That is as far as James the empiricist will go.
In religious systems this saving claim is associated with the idea of salvation. Of course for James at this stage of development of the idea, salvation has no supernatural meaning. The idea of salvation here arises from James observation that all religious experience - irrespective of creed or context - reflects a genuine human uneasiness that human nature as is, is somehow wrong.
First, is there, under all the discrepancies of the creeds, a common nucleus to which they bear their testimony unanimously?
And second, ought we to consider the testimony true?
I will take up the first question first, and answer it immediately in the affirmative. The warring gods and formulas of the various religions do indeed cancel each other, but there is a certain uniform deliverance in which religions all appear to meet. It consists of two parts: --
1. An uneasiness; and
2. Its solution.
1. The uneasiness, reduced to its simplest terms, is a sense that there is something wrong about us as we naturally stand.
2. The solution is a sense that we are saved from the wrongness by making proper connection with the higher powers.
That is for James an absolutely objective finding: an inescapable conclusion which he derives from careful observation of religious experience as manifested in wildly divergent religious systems across a large expanse of time. Being saved from wrongness by making a proper connection to higher powers is how it all feels.
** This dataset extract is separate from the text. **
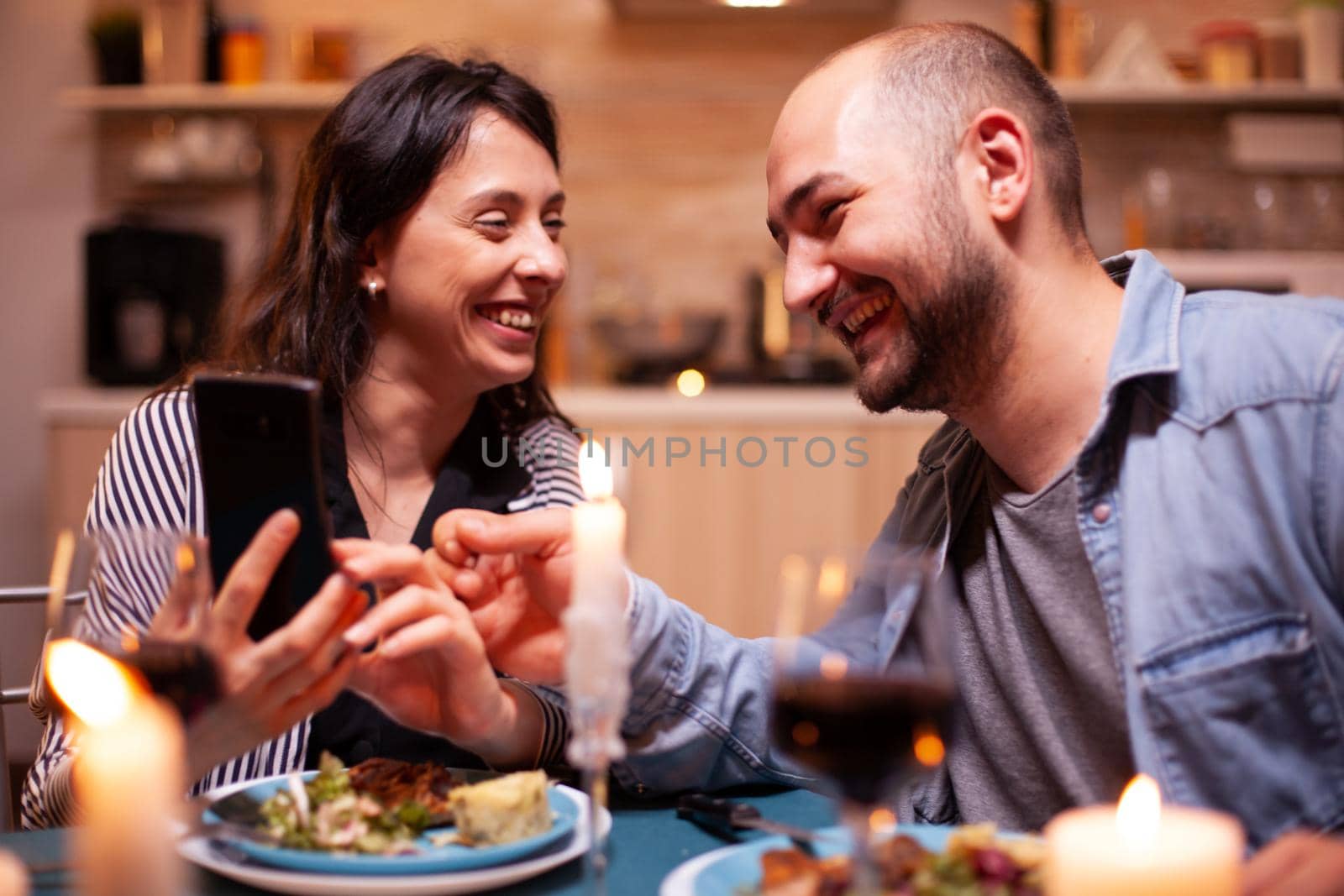 Cheerful couple laughing using smartphone during relationship anniversary. Adults sitting at the table in the kitchen browsing, searching, using smartphones, internet, celebrating .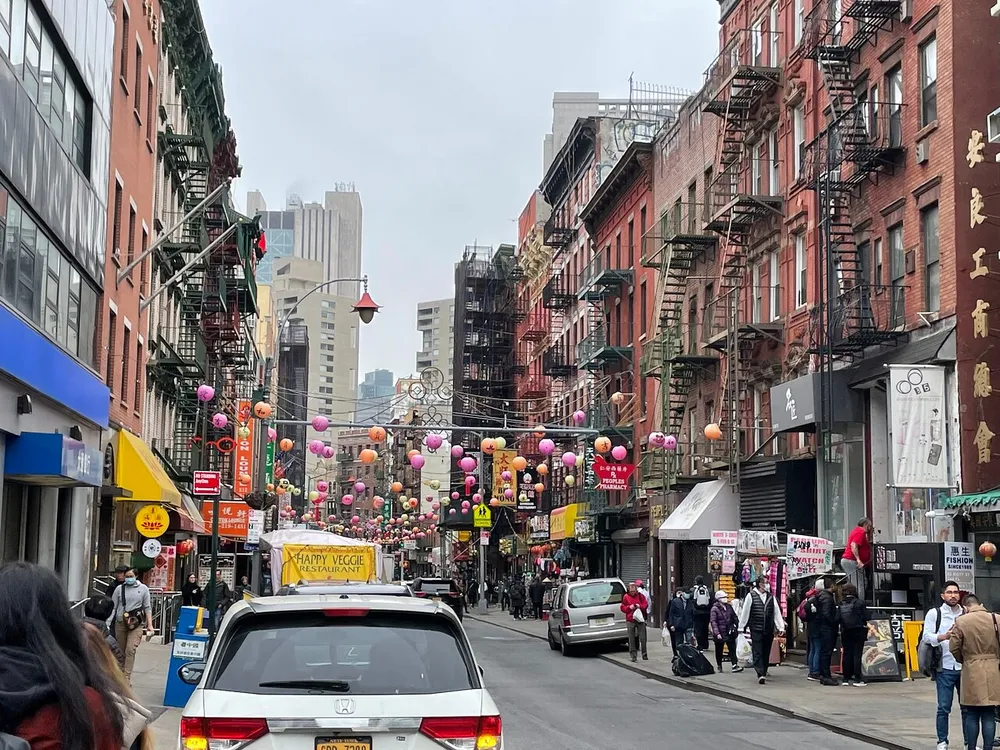 The image shows a vibrant street scene likely in a Chinatown district with traditional lanterns hanging above numerous signs in Chinese charming old buildings with fire escapes and pedestrians walking along the sidewalk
James makes no claim here that there are higher powers or that higher powers actually do save. He notes only that this feeling of dis-ease together with the need for align oneself to higher powers is a common feature of all religious experience.
Interestingly, it seems that a real faith in higher powers as saving forces - whether those powers be or not -- somehow confers a psychological strength that actually does save. And this is a power we'd be crazy to ignore. I will talk more about this possibility and the virtue of harnessing it in a moment.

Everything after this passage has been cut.